Four logical reasons: the first two of which are replacement cost (it’s not what the gas in the tanks cost them when they bought it, it’s what it’ll cost them to put back), and inventory control (related to replacement cost). Everybody raises costs because they anticipate that next week (or even this week) it will cost them an assload to refill, and a station with empty tanks is a station that is a black hole of fixed costs with no revenue. If anybody doesn’t raise costs as much as everybody else, then their tanks will be pillaged and they’ll have to refill closer to the disturbance and pay *even more*, with a HUGE gap between their sale price and their replacement cost. Third reason ( or reason 2, part 2): panic demand, leading to potentially empty tanks. Price goes up to stanch the bleeding to manageable. Fewer customers, similar revenue, more in the tanks so they can lower their price next week and not get “surprised” in the butt in some of the ways above. Final reason: speculation/insurance. They don’t know how much costs are going to go up and what availability will be, so they have to place bets, on limited information.

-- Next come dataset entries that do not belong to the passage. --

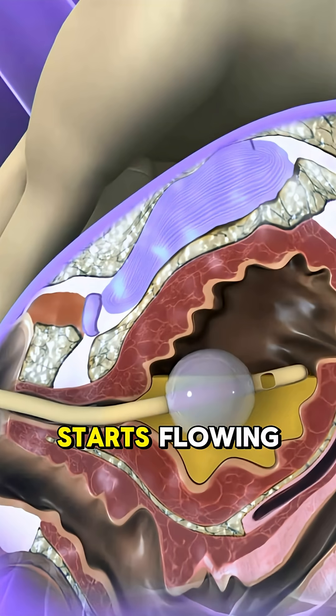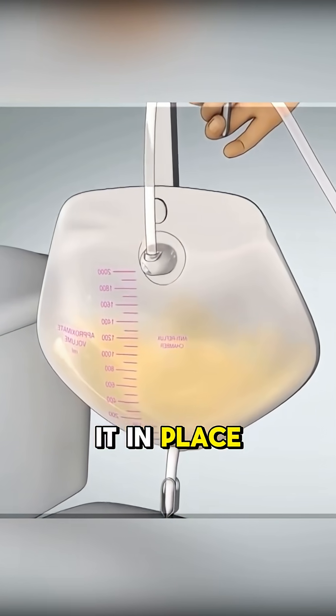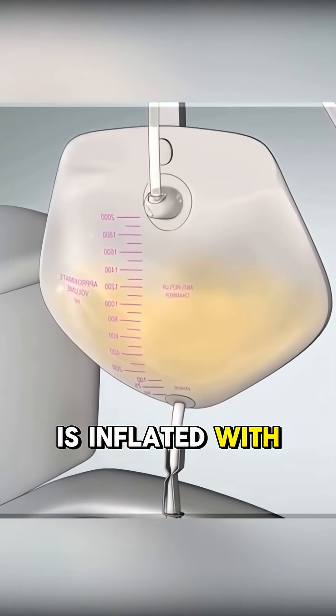The moment urine starts flowing, that's the signal that it has reached the bladder. Now to keep it in place, a tiny balloon is inflated with sterile water.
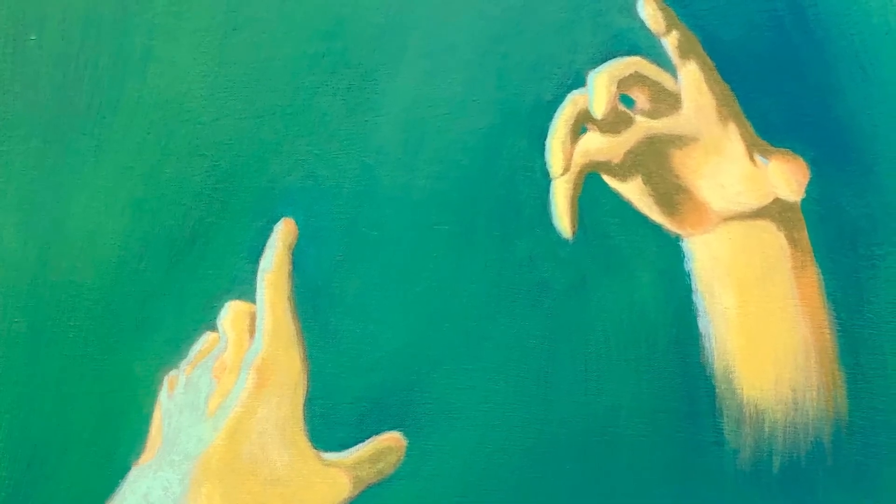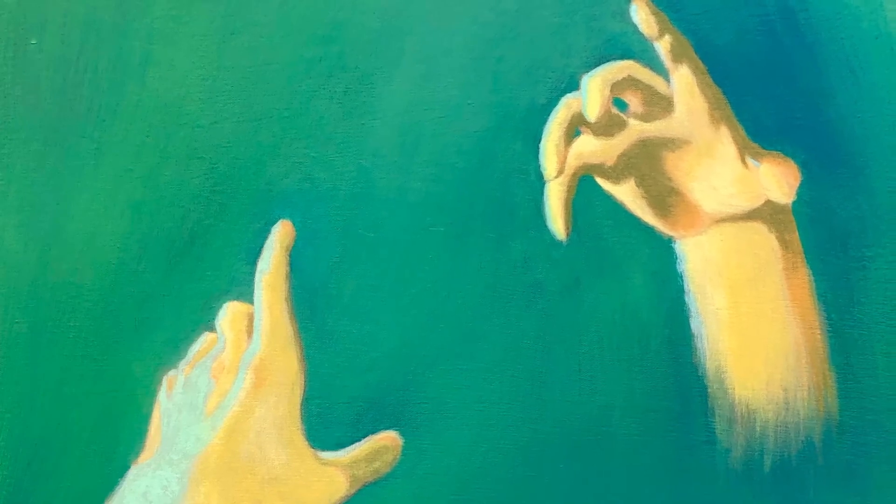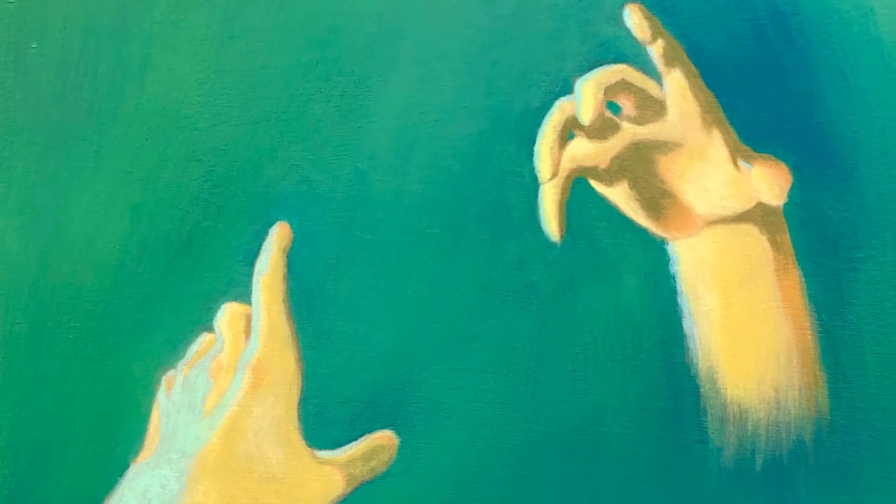I'm exhibiting my piece 'Searching.' This painting is from a series I'm working on called 'If Not Now, When,' where I'm using the expressive powers of colors and the symbolic quality of hands and interpretive dance to explore identity and my relationship to Judaism in the contemporary world.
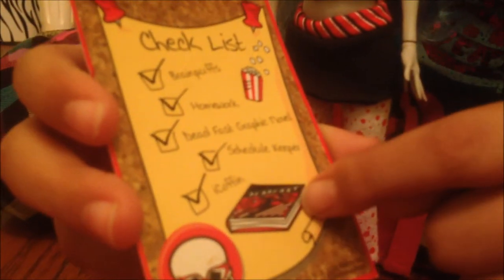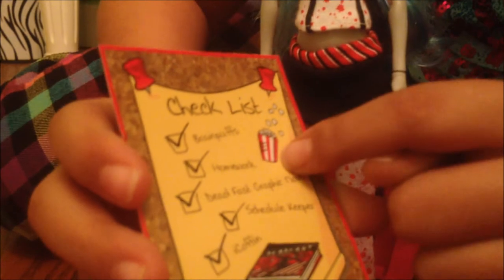In the back it says checklist: brain post, check; Homer, check; Dead Fast graphic novel, check; schedule keeper, check. And it has her skull with the Dead Fast novel in the brain post.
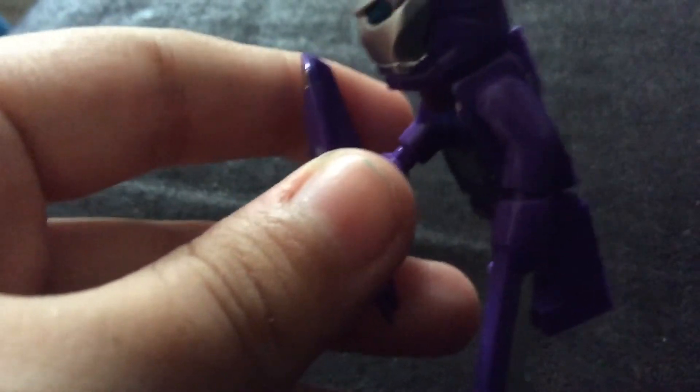First, here's the shield. Then this is the sword, which is literally attached with the arm.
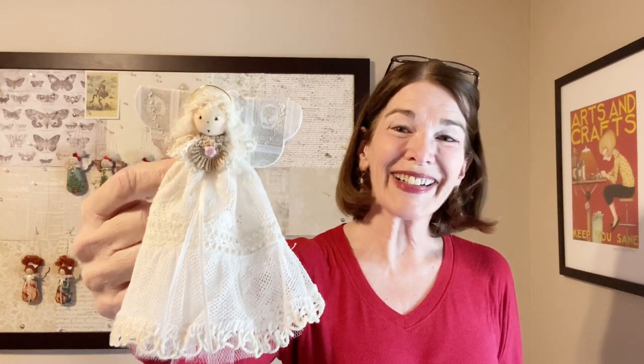Welcome to RicRacRuby. I'm Laura Cluvo. I recently purchased a lot of vintage lace and I intend to work my way through the entire lot making as many projects as I can think of. I hope you'll join me. The first project is this vintage lace angel Christmas ornament. She's fun and easy so let's get started.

The reason it’s always based on replacement cost is that they have to choose a direction in which to get fucked. If they charge exactly and only what it cost to get the gallon they are currently serving, then they get fucked coming and going - when prices go up, their tanks get nailed and they have to pay more and more for each replacement batch trying to make it up on volume, and when prices go down, they are the guy with the high price and can’t sell, as the prices slip lower and lower... Replacement cost-based pricing keeps everybody more honest in normal circumstances.

This isn’t that hard, nor is it wildly unfair or gouging. It’s not a conspiracy, it’s just a complicated arms race/game of chicken in which the stakes are potential bankruptcy. It’s very, very easy for an individual station to lose assloads of money on their gas, because the margins are not all that at the best of times.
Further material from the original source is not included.